Will the Greatest Fear Win Out?
Different stakeholders are battling to protect their different interests, in the reform of an industry that is responsible for $2.5 trillion annually, 1/5th of our total economy. The New York Times in its News of the Week in Review, lays it out nicely in its lead article, Following the Money in the Health Care Debate. But each interest group and each of their arguments they make preys upon a different set of fears in the public. Those fears will not be explicit, but they are likely to be what determines the outcome.
Doctors fear a government-run insurance program that looks like Medicare will pay like Medicare, said Robert Laszewski, a health policy consultant in Alexandria, Va. “Medicare pays doctors 80 percent of what an insurance company pays,” he said. “If you get a public plan, the doctors are going to get a 20 percent pay cut.” The AMA has already staked out its opposition.
So doctors will argue to the public that low pay will degrade the profession and lead to fewer, less qualified doctors and inadequate care. Yes, you can have government insurance, but your health will suffer.
Insurance companies may get some new customers, but their trade association fears its members would be driven out of business as the government uses its purchasing power to demand much lower prices.
The insurers will argue that government insurance is inefficient, full of gaps. The public, they suggest, will be not get the care it needs when it needs it. The fear: you will be neglected, forced to wait, maybe even overlooked.
The hospitals’ concern is that, like the doctors, they will be paid less. The fear they will arouse in the minds of the public is that hospitals will be overcrowded, inadequate, poorly staffed. Do we want that?

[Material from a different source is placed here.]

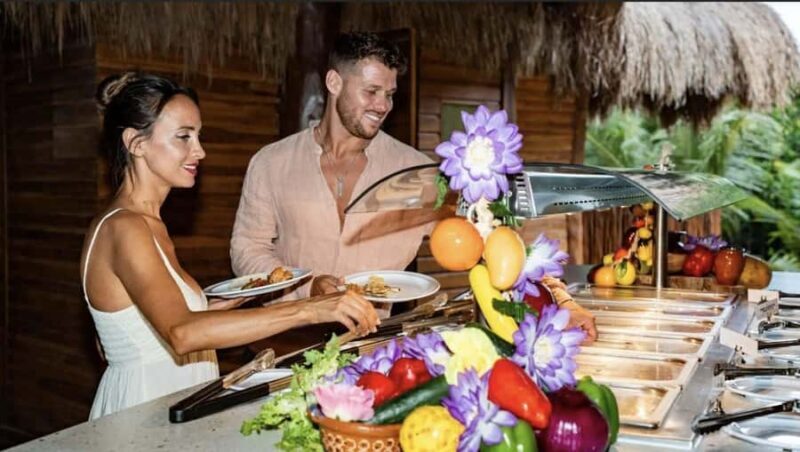 Cozumel: KUZÁ Deluxe Pass with Buffet, Open Bar & Activities - Entertainment and Activities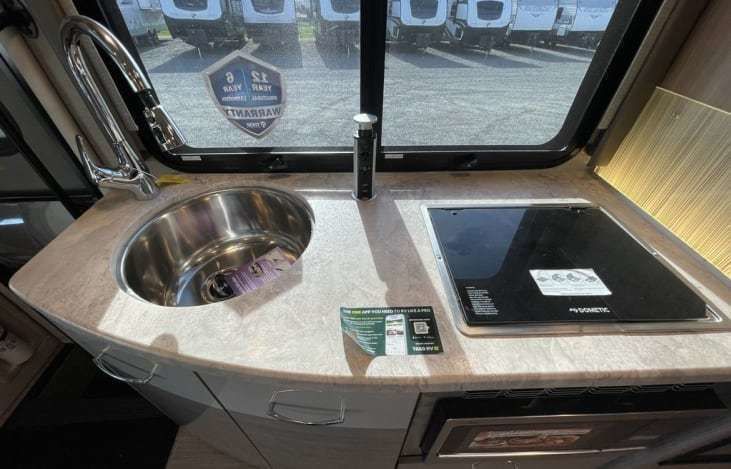 Photo 1 - 2020 Thor Class C Motorhome rental photo 15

The nation’s drug makers are afraid of the government’s ability to demand lower prices for their products. “The more government intervention you have, the less payment you have,” said one analyst. These companies also fear that the government will play a greater role in determining the effectiveness of different drugs and medical devices and use that information to control costs. (The Times points out that insurers, not surprisingly, support the government’s intervening with drug and medical device makers so they don’t have to.)

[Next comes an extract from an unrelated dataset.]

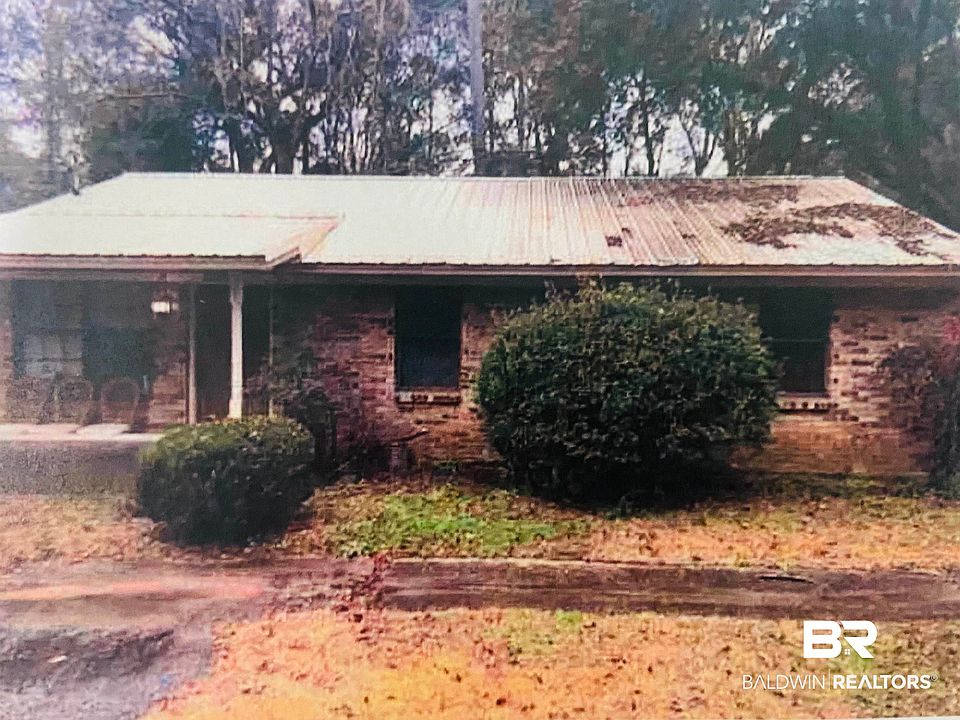 1st image of 2205 Locke Ln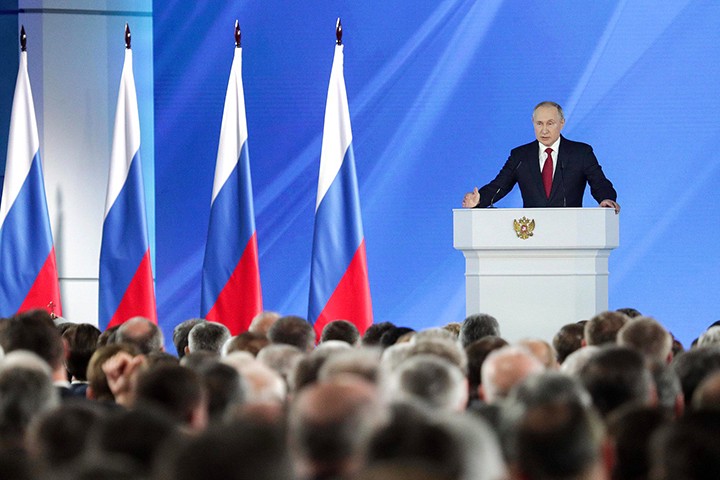 «Как теперь делить пирог?»: западные СМИ отреагировали на послание Путина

There are real issues and real complexities at stake here, and clearly some plans will be better than others – and some worse. But we all are easy prey to anxiety, especially as we all fear sickness and disability so profoundly. And we are not likely to be conscious of having our fears manipulated.
It will be tough for legislators, besieged by lobbyists and anxious constituents, to thread their way to a logical and effective plan. But the hidden role of anxiety will make it even tougher.